# Any other addictions besides makeup?



## pink_lily82 (May 7, 2009)

And nothing illegal or dangerous, I hope! 

Here are mine:

1) Caffeine: Me loves my white chocolate mochas and pepsi. I'm studying for boards so I've been chugging these down like water. 
2) Lists: I make a list for everything--> to-do, to-buy... OCD much?
3) Colored pens/highlighters: In class, I would bust out my hello kitty pencil bag with all my pens, highlighters, white-out, post-it notes. I always wondered what the strange looks were about. 
4) Ben N Jerry's Cherry Garcia: I've eaten half a pint in one sitting before. 
5) America's Next Top Model: I would like to be fierce one day. I've also gotten my bf hooked on it. He still mulls over the fact that Annaleigh was sent home too soon. 

What yours?


----------



## nichollecaren (May 7, 2009)

Ocean Spray Trail Mix
Moisturiser-I think Ive owned every brand in every formulation that has been made available to me
Specktra (God help me)
My Blackberry


----------



## Skin*Deep (May 7, 2009)

myspace. there. I said it. but, its legitimate, I have 7 sisters, 1 brother, 26 neices and nephews and we are all on myspace - its the only way i see pics of everyone and know what they are up to!

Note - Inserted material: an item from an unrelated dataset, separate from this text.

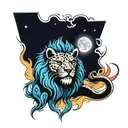 lion, moon, belt, leopard, flame torch, blue clouds, werewolf tattoo design idea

Sunglasses. I own over 5o pairs of Oakley, Versace, Prada, Chanel, etc sunglasses. some of them I've never worn, but they are on display the way some people display war medals.

deep tissue massages - once a week. period.


----------



## RedRibbon (May 7, 2009)

Handbags: I have a massive Ikea cupboard in my room and the top shelf is rammed full of bags, I have bags in the living room and behind my door too.
Shoes: Same as above, I have about 100 pairs (I gave a good 100 to charity as I no longer wore them).  ONE pair of my shoes broke today so I bought 5 pairs as a replacement.
Highlighters: SEX ON LEGS, is there anything they can't do?
Post its (both the large ones and the ones you can tab books up with): As above.

Yes, I'm sad


----------



## L1LMAMAJ (May 7, 2009)

It was tank tops and tops in general for a while. Then one day I took a good look at my closet and noticed that most of them looked very similar. I have this problem where I'll buy a bunch of stuff of similar styles if I really like that style. 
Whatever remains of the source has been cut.